But—there's a "but"—it proves a blessed but; this is only a crumb or two falling from a loaded table. And he who judges Christ by these crumbs only, wholesome and toothsome as they are, will have a very skimpy conception of Christ.
All of this sort of thing that has come has come very slowly. It has had to fight through and in, every step of the way that it has come. Its coming has been opposed stubbornly, maliciously, viciously every inch of the road, as only those know who are in the thick of the struggle for these reforms, panting for breath sometimes.
It is as though a few whiffs of wholesome life-giving air have breathed through the cracks and crevices of the breastworks and fortifications of evil in which all our common life seems entrenched. But the fortifications are still there. If the sweet, wholesome breathing in through cracks and crannies has been so blest, what would it be if the forces of evil were clean removed from the scene, and the Christ-spirit became the whole atmosphere breathed fully and freely without restraint, with no bad draughts, and no counter currents to guard and fight against?

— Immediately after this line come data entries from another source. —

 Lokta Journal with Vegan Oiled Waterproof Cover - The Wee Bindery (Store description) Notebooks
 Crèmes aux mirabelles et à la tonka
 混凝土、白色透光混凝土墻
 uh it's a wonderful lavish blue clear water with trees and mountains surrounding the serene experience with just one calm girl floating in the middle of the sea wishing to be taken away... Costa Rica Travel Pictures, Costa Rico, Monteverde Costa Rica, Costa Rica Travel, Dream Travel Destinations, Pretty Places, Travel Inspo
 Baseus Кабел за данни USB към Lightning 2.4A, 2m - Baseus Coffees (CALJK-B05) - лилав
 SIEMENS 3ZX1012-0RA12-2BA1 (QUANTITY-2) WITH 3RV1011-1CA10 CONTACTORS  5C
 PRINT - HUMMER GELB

It would seem like a strange sort of a kingdom if the present is even a gradual coming in of the Kingdom. We would seem to be having a new, strange sort of a Christ if the present is a sample of His sort of reigning. For it may well be thoughtfully doubted if ever there was such a condition of feverish unrest in all parts of the world as to-day.

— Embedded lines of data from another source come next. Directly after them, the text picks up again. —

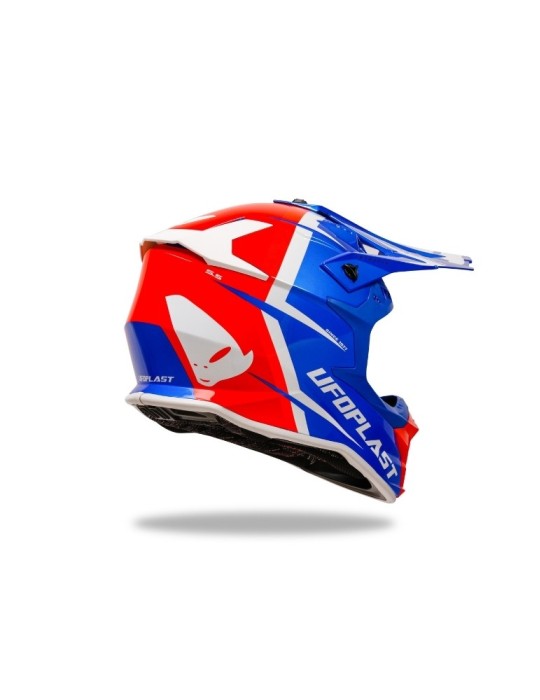 Casque motocross - UFO Intrepid Bleu / Orange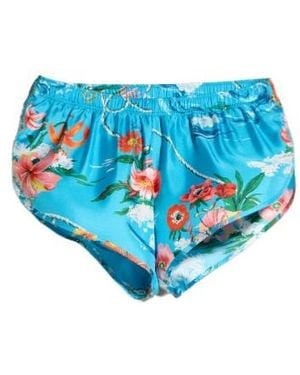 Gucci Graphic Printed Twill Shorts - Blue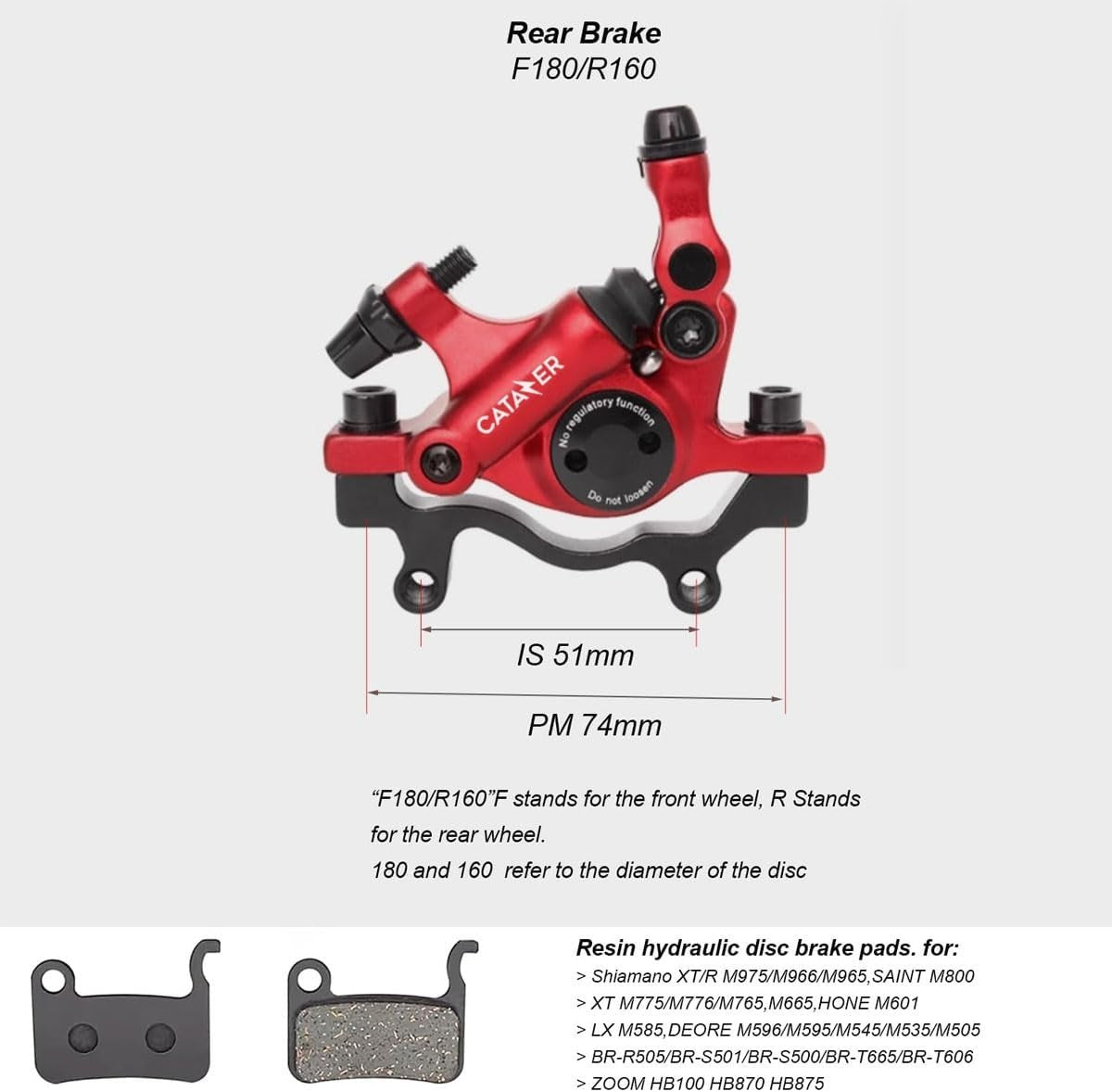 Hydraulic Disc Brake Set for MTB & E-Bike - Front & Rear Line Pulling System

It is most difficult to put your finger on a single spot of the world-map that is not being torn and uptorn by unrest in one shape or another. Either actual war, or constant studious preparation for war, actually never ceases. And it is difficult to say which is the worse of the two. The actual war reveals more terribly to our eyes and ears the awful cost in treasure and in precious human blood spilled without stint. The never-ceasing preparation for war seems actually to cost more. In the immense treasure involved, and in blood too, given out, not on an occasional battlefield, but in the continual battle of daily life to meet the terrible drain of taxation, it costs immensely more. There is less of the tragic for the news headings, but not a whit less, rather much more, in the slow suffering, the pinched lives, and the awful temptations to barter character for bread.
Then there is the continual seething unrest in the industrial world; the protests sometimes so strange and startling against social and political conditions; the feverish greed for gold, and land, and position; the intense pace of all our modern life; the abandonment of home and home ideals; the terrific attack against our young womanhood. The political pot which gathers into itself all these things, never quits boiling or boiling over, in some part of the world, now here, now there. And it seems like the greatest achievement of diplomacy when here and there it can be kept from boiling clean over, or at least made to boil over less.

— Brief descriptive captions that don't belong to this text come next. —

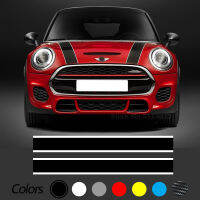 รถ Hood Decal ฝาครอบเครื่องยนต์ Rally Line Bonnet Stripe สติกเกอร์สำหรับ MINI Cooper R55 R56 R57 R58 R59 F55 R50 R52 R53 F54 F60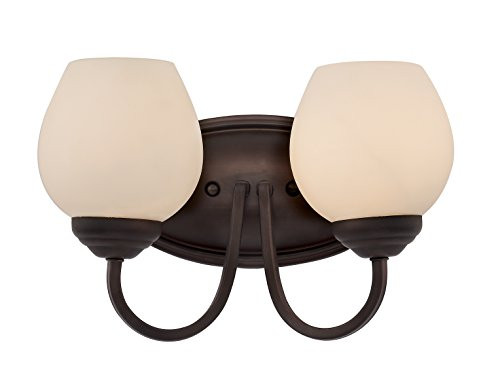 Trans Globe Lighting 70532 ROB Indoor Claiborne 14" Wall Sconce, Rubbed Oil Bronze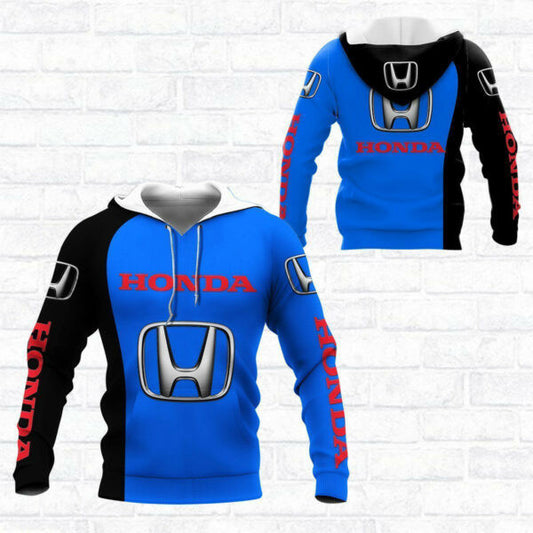Honda Shirt Fan Gift 981, Stylist Unisex 3d Hoodie Zip Hoodie 797 Moonbestprint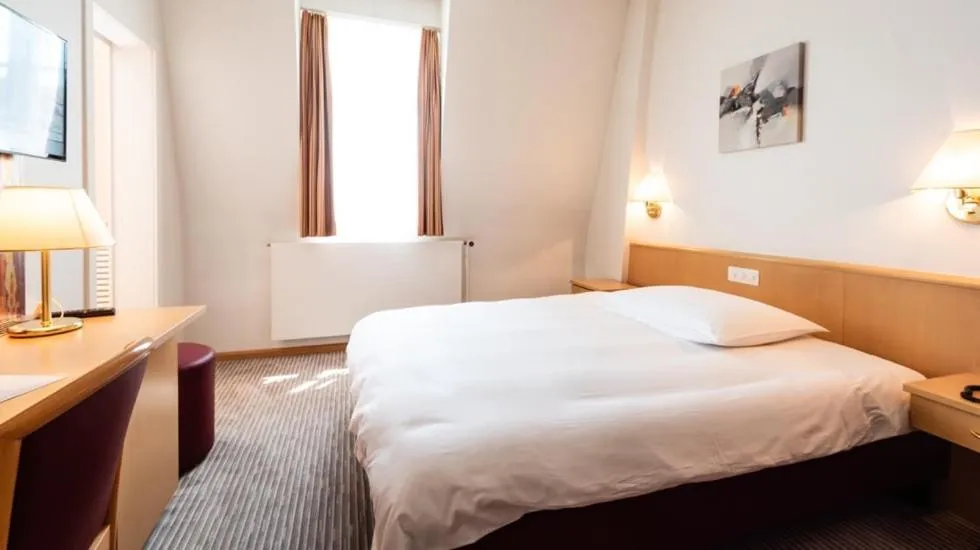 Bed in Central City Hotel Rochat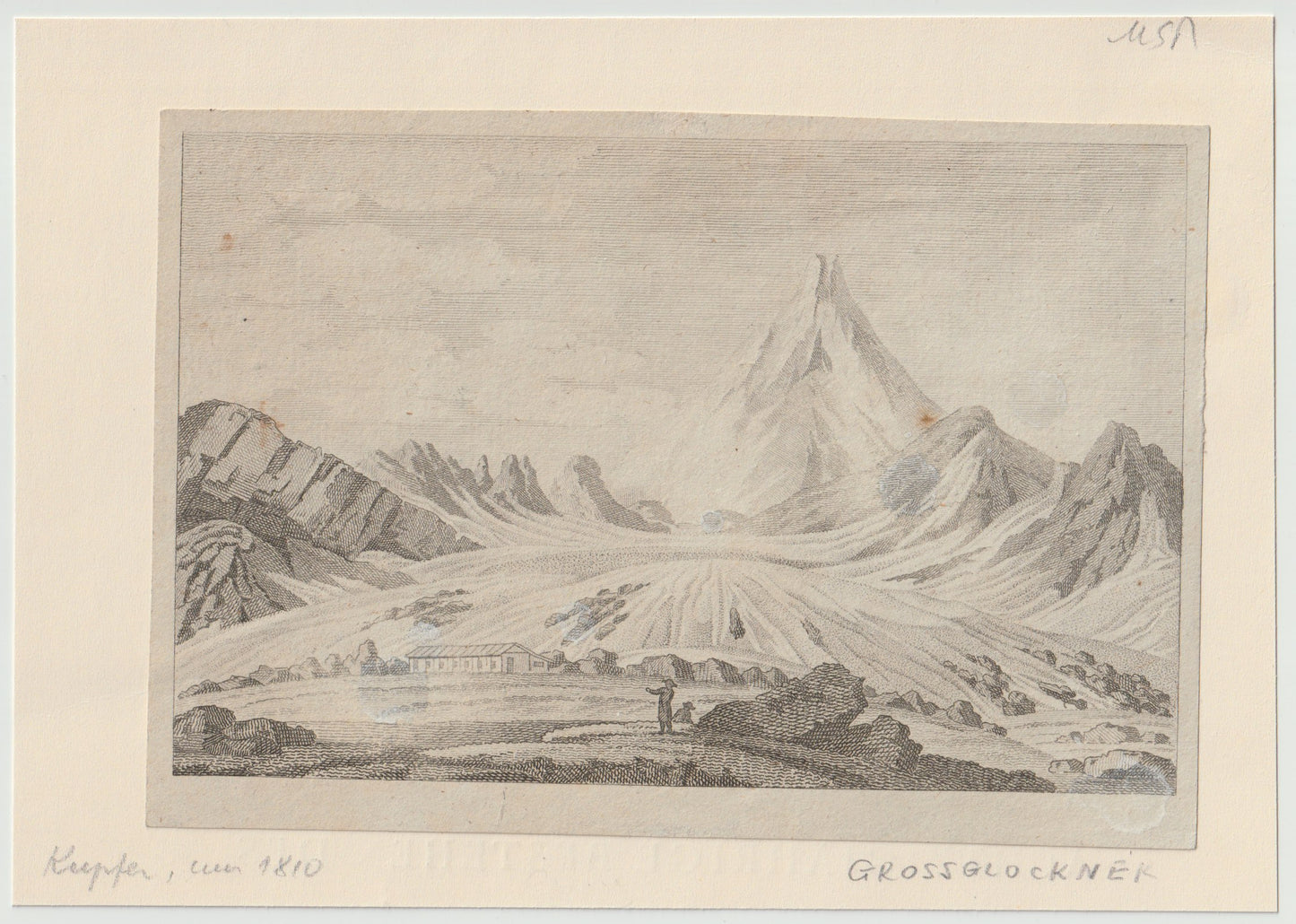 Großglockner Kupferstich Gebirge 1810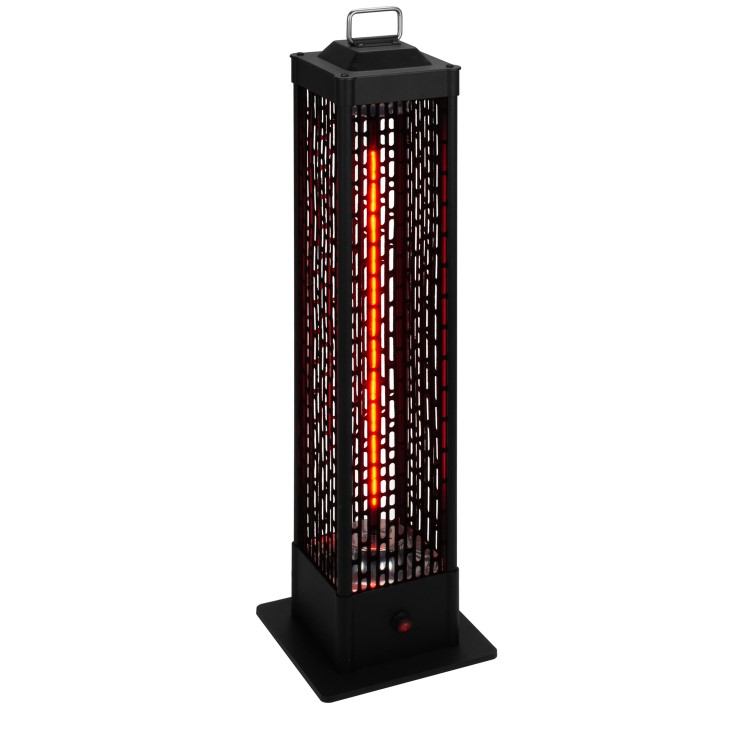 electriQ Portable Table Top Electric Patio Heater 1500W - 80cm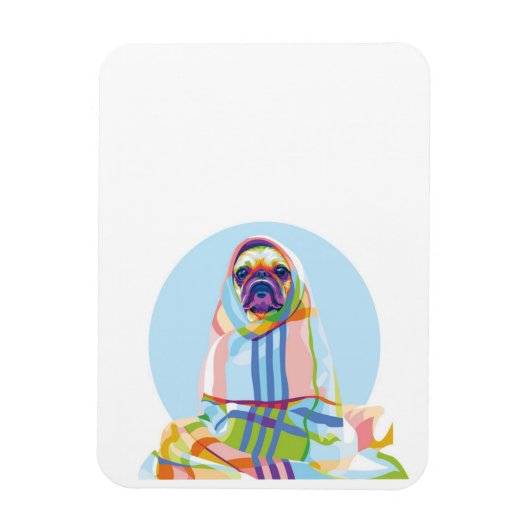 Magnet Flexible Cute Pug Dog (Vertical)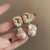 Luxurious Quadrilateral Round Ellipse Leaf Rhombus Animal Bowknot Text Letter Geometric Number Droplet Flower Chinese Zodiac Artificial Pearl Oil Dripping Earrings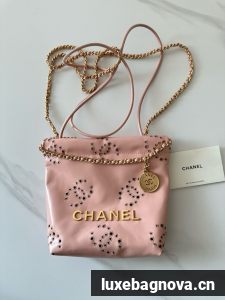CHANEL 22 SMALL HANDBAG AS3980 pink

It would seem indeed like a queer sort of kingdom if this is a sample. Some of us would have less heart in repeating one petition of the old daily prayer. And Christ would seem to have quite changed His spirit and character if this is a result of His coming.
The Greatness of Patience.
[23] Hebrews ii. 8.
And the great simple truth is this, the truth that in the strange mix-up of life we easily lose sight of is this: Christ has not yet taken possession of all of His domain; a part of it still remains to be possessed. "We see not yet all things subjected to Him."[23] We are living in the "not-yet" interval between the crowning and the actual reigning. We are living on the "not-yet" possessed part of His domain.